The 1-gram model presented stop words as the most frequent. This is logical as this words are constructors of the language. This behavior is expected. Below, a word cloud plot is presented with the 100 most frequent words. Also, the top ten word table is displayed and a plot of the 20 most frequent monograms.
## feature frequency rank docfreq group
## 1 the 2939603 1 1807523 all
## 2 to 1922021 2 1430441 all
## 3 and 1598158 3 1225640 all
## 4 a 1573398 4 1222019 all
## 5 i 1501610 5 1129688 all
## 6 of 1293159 6 991405 all
## 7 in 1022482 7 858131 all
## 8 you 849173 8 685465 all
## 9 is 812081 9 715518 all
## 10 for 774644 10 690682 all
For the 1-gram model the amount of unique words to cover the 50% and 90% of the whole corpus frequency was calculated. As seen below, with less than 150 words the cumulative frequency percentage is greater than 50%. Also, with less than 8000 words the 90% percent of the corpus is covered.
fifty <- sum(g1freq$frequency[1:150])/sum(g1freq$frequency)
ninety <- sum(g1freq$frequency[1:8000])/sum(g1freq$frequency)
data.frame(Percentage = c(fifty, ninety)*100, Words = c(150,8000))
## Percentage Words
## 1 51.77031 150
## 2 90.27763 8000
The 2-gram model is still mostly populated with stop words combinations. Nonetheless, this model is more accurate to express basic ideas. The word cloud plot is presented with the top 100 2-grams. Also, the top ten 2-grams table is printed.

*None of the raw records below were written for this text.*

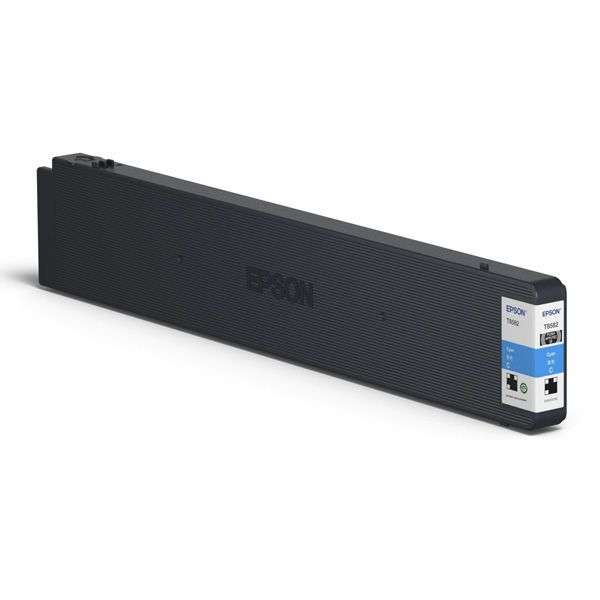 Epson WF-C20750 Cyan tintapatron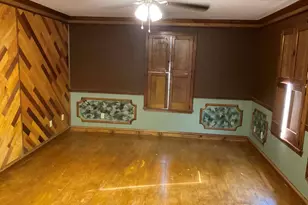 8342 Farm Road 1567, Sulphur Springs, TX 75482 - Photo 11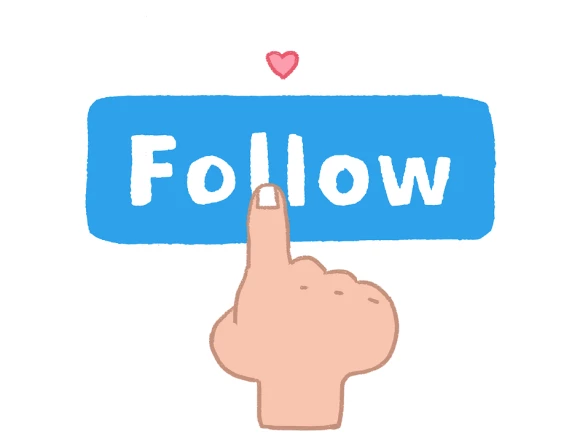 351665157-a4be00537df4b89b4b33c42f1957fa977e0e3ed43f11143b65f919fa7d3093c7.png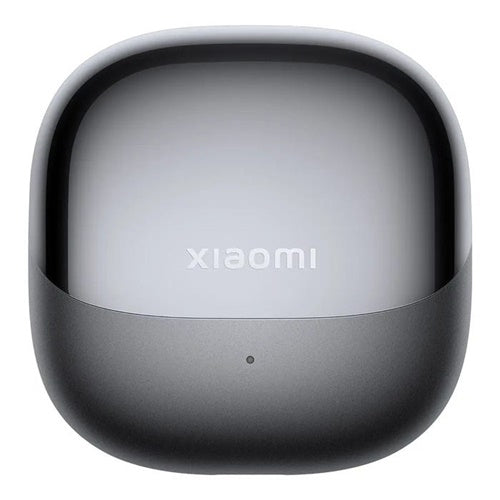 Brezžične slušalke Xiaomi Buds 5, Bluetooth, USB-C, grafitna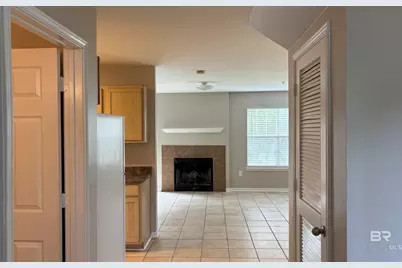 1517 Regency Road #54, Gulf Shores, AL 36542 - Photo 4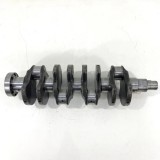 Virabrequim Stander Ford Ranger 3.0 2006 A 2011 Original
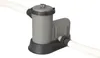 Bestway Power Steel Vista Series bazénový set 549 x 274 x Náhled obrázku produktu 42
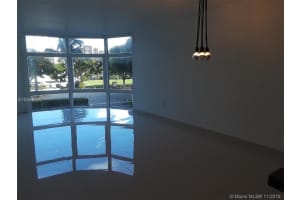 3375 N Country Club Dr, Miami, FL 33180, Sold 04/15/19
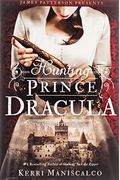 Hunting Prince Dracula (Stalking Jack The Ripper)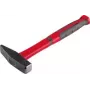 Hammer Gedore R92120012 Mango de madera 25 mm altura 480 g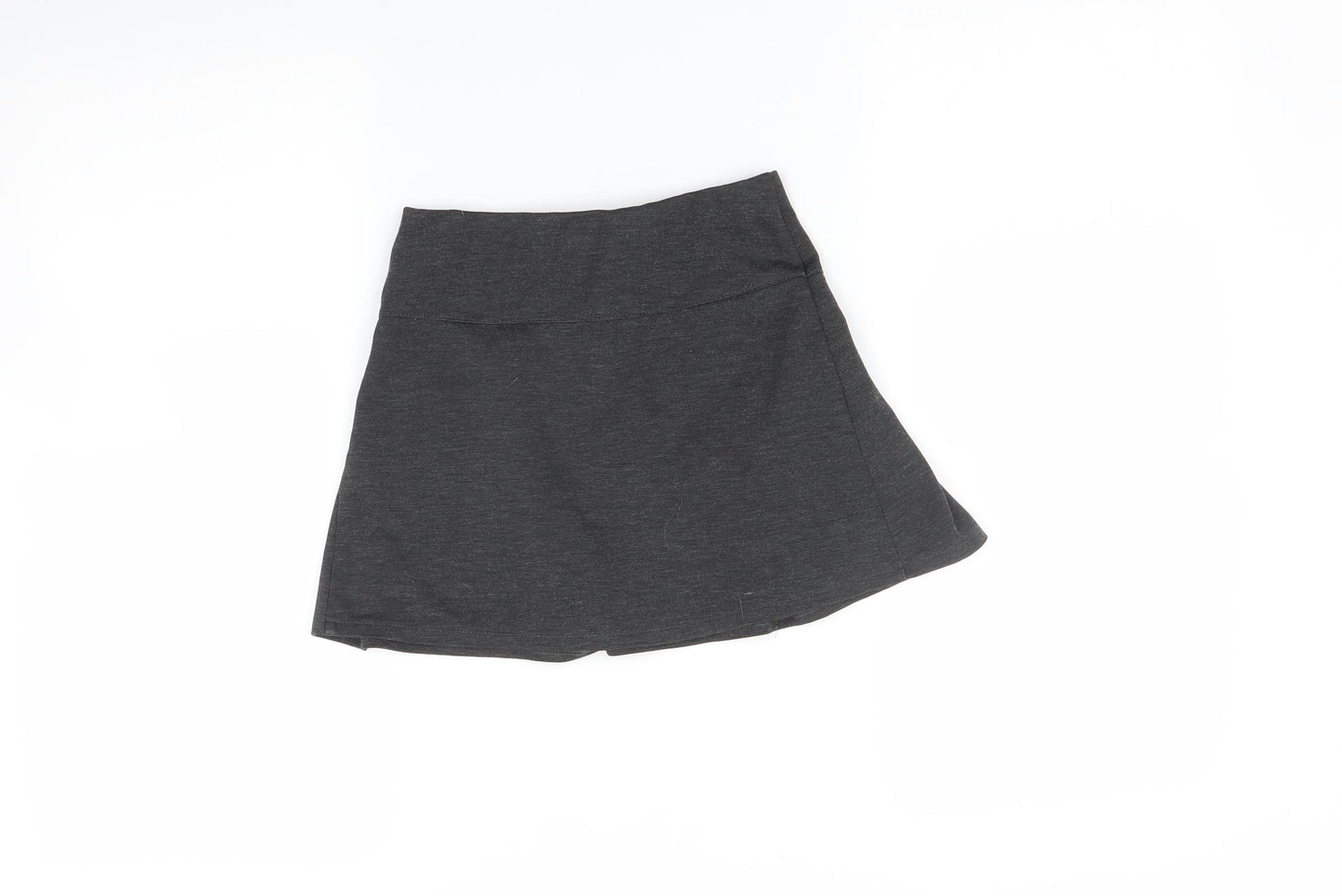 TU Girls Grey   Mini Set Size 5 Years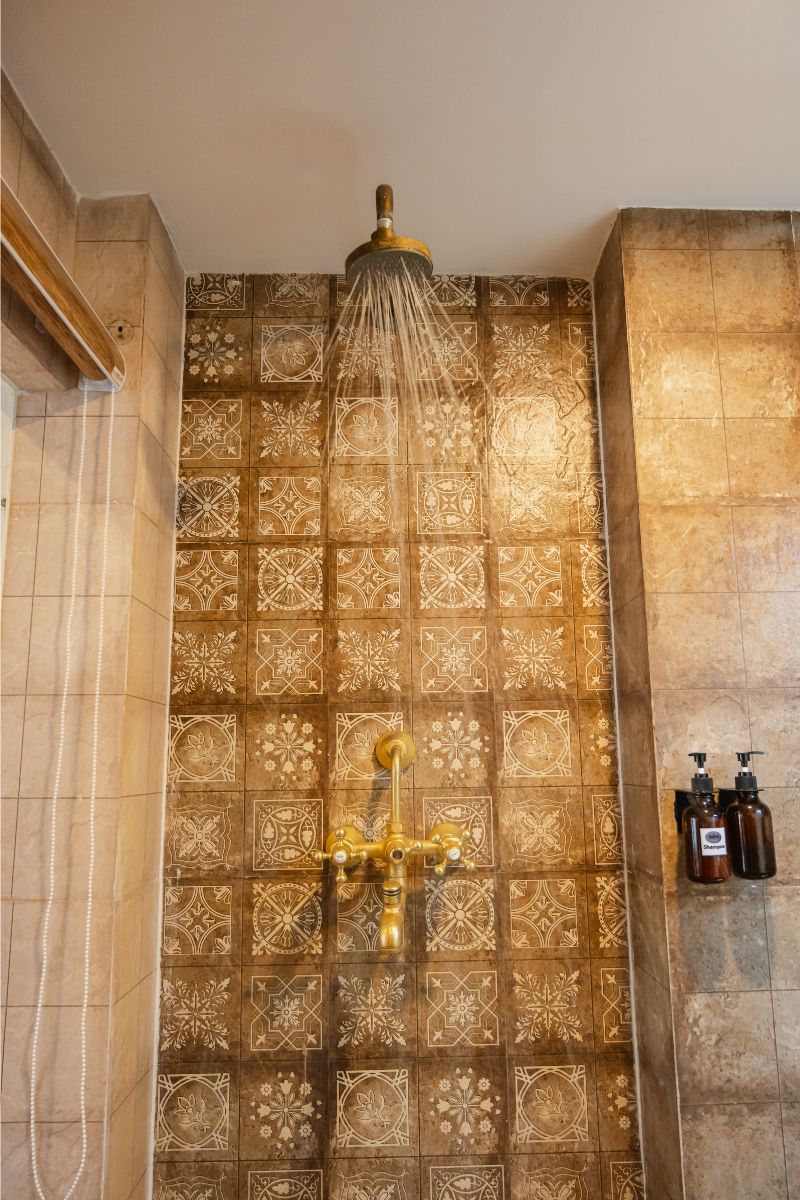 Evara Boutique Hotel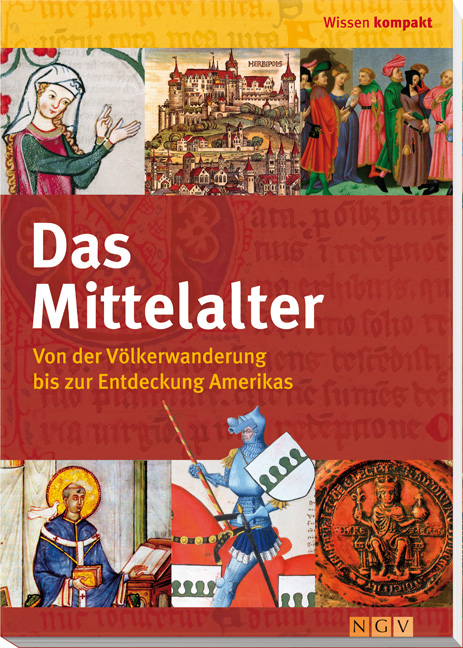 Das Mittelalter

g2freq <- textstat_frequency(g2dfm)
head(g2freq, 10)
## feature frequency rank docfreq group
## 1 of_the 257539 1 233535 all
## 2 in_the 244138 2 230417 all
## 3 for_the 137135 3 133523 all
## 4 to_the 135548 4 130711 all
## 5 on_the 128782 5 124285 all
## 6 to_be 118434 6 114208 all
## 7 at_the 88901 7 86727 all
## 8 i_have 79759 8 77037 all
## 9 and_the 77650 9 75261 all
## 10 i_was 75705 10 71991 all
ggplotly(ggplot(g2freq[1:20,], aes(x = reorder(feature, -frequency),
weight = frequency)) +
geom_bar(color = "steelblue", fill = "skyblue") +
theme(axis.text.x = element_text(angle = 45)) +
labs(title ="Top-20 Bi-grams", x = "Bi-grams", y = "Frequency"))
The 3-gram model presents some very basic sentences. As seen below, the use of stop word is mostly for connecting nouns and verbs. The top 100 word cloud plot is presented next to the top ten 3-gram table.
## feature frequency rank docfreq group
## 1 thanks_for_the 23768 1 23675 all
## 2 one_of_the 21042 2 20830 all
## 3 a_lot_of 19323 3 18935 all
## 4 i_want_to 13171 4 12978 all
## 5 to_be_a 13165 5 13054 all
## 6 going_to_be 12722 6 12618 all
## 7 i_have_a 10876 7 10820 all
## 8 i_donâ_t 10587 8 10312 all
## 9 looking_forward_to 10561 9 10538 all
## 10 i_have_to 10324 10 10232 all
The 4-gram model presents the most complete sentence structure. Also, the less amount of stop words. Nonetheless, the frequency of each 4-gram is considerably less than frequencies seen is smaller level n-gram models. The word cloud plot is presented next to the top ten table.
## feature frequency rank docfreq group
## 1 thanks_for_the_follow 6246 1 6241 all
## 2 the_end_of_the 4981 2 4956 all
## 3 the_rest_of_the 4648 3 4631 all
## 4 at_the_end_of 4254 4 4235 all
## 5 for_the_first_time 3779 5 3768 all
## 6 at_the_same_time 3532 6 3521 all
## 7 is_going_to_be 3528 7 3517 all
## 8 thanks_for_the_rt 3339 8 3338 all
## 9 thank_you_for_the 3169 9 3166 all
## 10 can't_wait_to_see 2997 10 2996 all
The corpus is really extensive. Even with modern computer power working with the whole data is difficult. Nonetheless, as seen in the monogram analysis, with just 150 word the 50% of the corpus is represented and with less than 8000 words more than the 90%. With this in mind the corpus can be trimmed to a fitter model.
Also, the frequency of the top-10 n-grams gets smaller as n goes bigger. This is because identical series of 3 or 4 words are difficult to found. This result in the most frequent 4-gram to be “thanks for the follow”.
The next word prediction model would be based in the Katz’s back-off model. This would be done by obtaining the probability of the next word given the previous one, two or three words. With the 4-gram model, the last word would be the prediction. So, by taking the last word and dividing the frequency of each 4-gram that has the same last word, the probability can be obtained.